*Goal of the exercise:* Could you set down exactly the lines in the records below between the line holding "Snapshot of Michellcockxxx" and the line holding "El padre Juan, párroco", inclusive?

*Exercise material:*
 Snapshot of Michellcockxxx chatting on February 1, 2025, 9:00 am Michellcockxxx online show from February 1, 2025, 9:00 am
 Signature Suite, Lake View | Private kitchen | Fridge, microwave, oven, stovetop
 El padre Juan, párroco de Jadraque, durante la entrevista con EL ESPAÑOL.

--

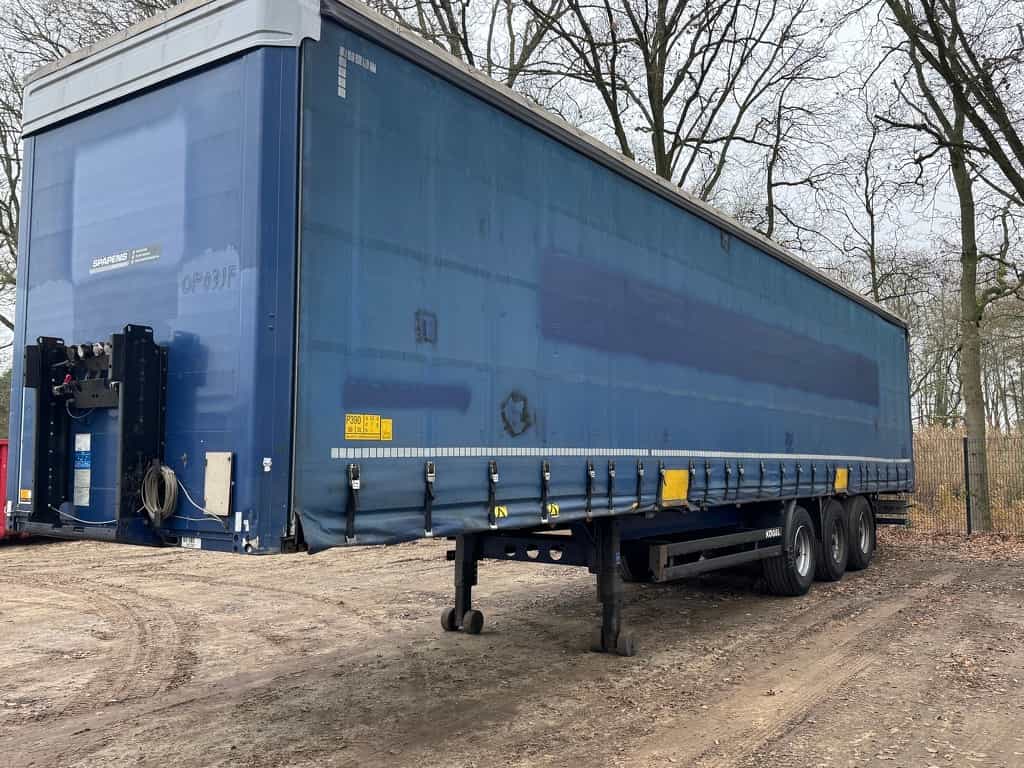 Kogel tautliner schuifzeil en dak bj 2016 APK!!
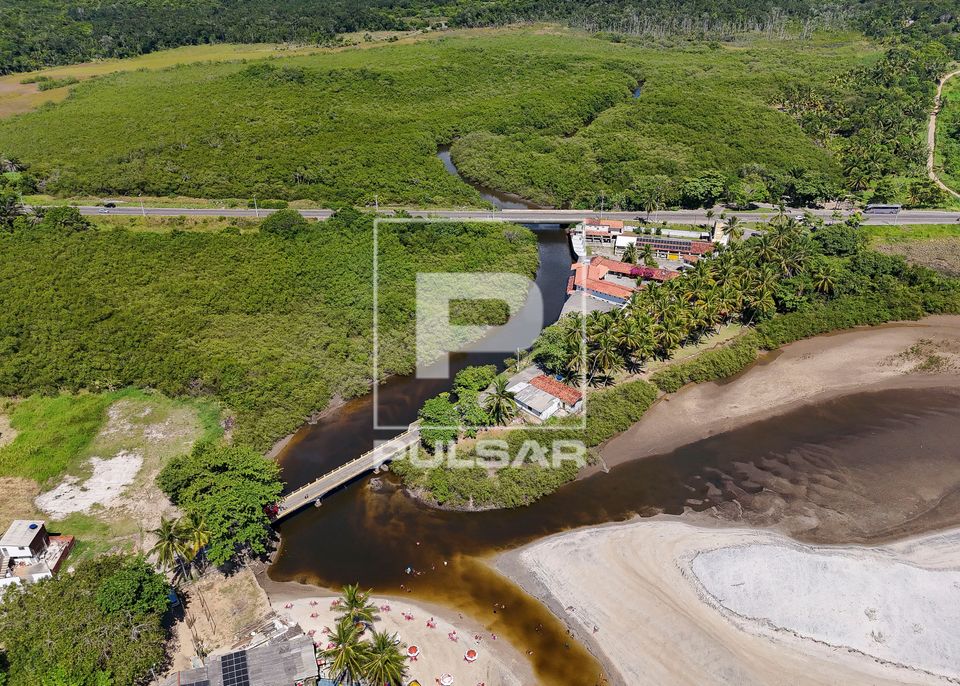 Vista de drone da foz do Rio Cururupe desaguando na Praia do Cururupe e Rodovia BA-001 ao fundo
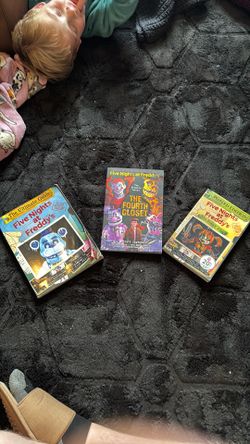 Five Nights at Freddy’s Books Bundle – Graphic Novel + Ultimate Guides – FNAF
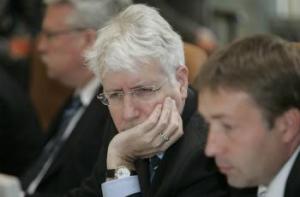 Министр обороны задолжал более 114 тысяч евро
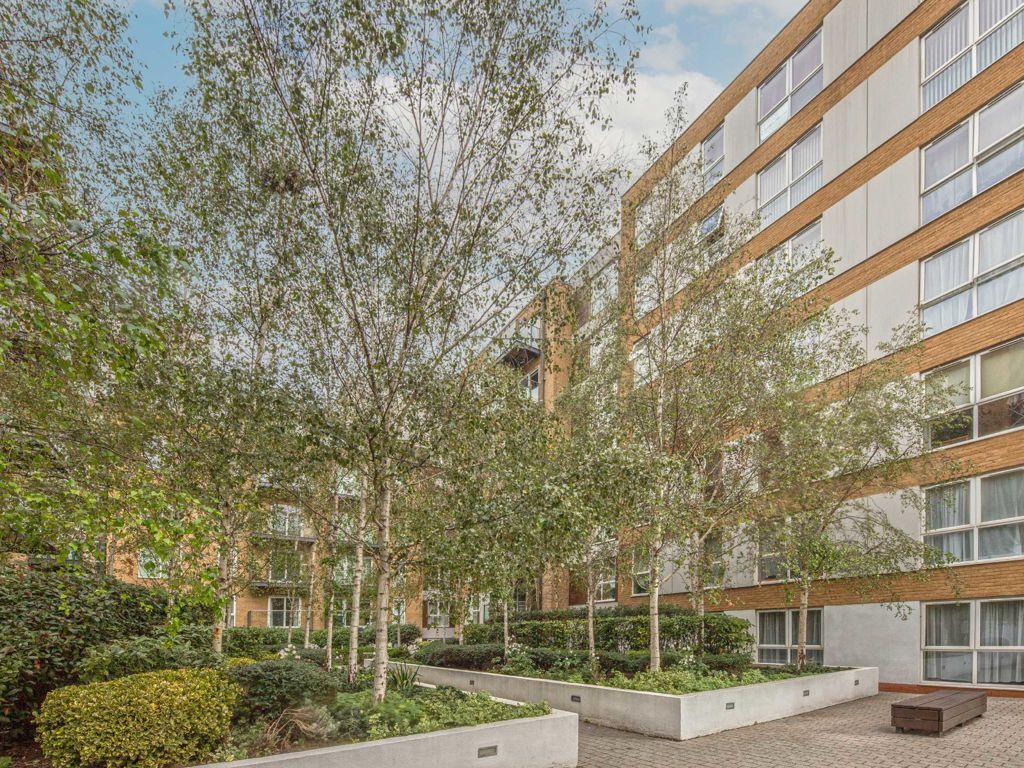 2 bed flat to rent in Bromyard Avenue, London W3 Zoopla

*Answer for the task:*
 Snapshot of Michellcockxxx chatting on February 1, 2025, 9:00 am Michellcockxxx online show from February 1, 2025, 9:00 am
 Signature Suite, Lake View | Private kitchen | Fridge, microwave, oven, stovetop
 El padre Juan, párroco de Jadraque, durante la entrevista con EL ESPAÑOL.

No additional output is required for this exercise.